-- Data below follows --
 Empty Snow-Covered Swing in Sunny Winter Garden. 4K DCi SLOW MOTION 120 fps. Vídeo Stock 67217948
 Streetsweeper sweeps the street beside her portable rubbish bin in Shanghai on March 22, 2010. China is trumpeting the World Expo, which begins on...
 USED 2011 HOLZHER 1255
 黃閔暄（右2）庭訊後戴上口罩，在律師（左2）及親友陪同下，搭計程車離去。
-- Data below concluded --
What to produce: Print exactly and only the lines that start at the line with "USED 2011 HOLZHER 1255" and run through the end of the listing above.

Expected output:
 USED 2011 HOLZHER 1255
 黃閔暄（右2）庭訊後戴上口罩，在律師（左2）及親友陪同下，搭計程車離去。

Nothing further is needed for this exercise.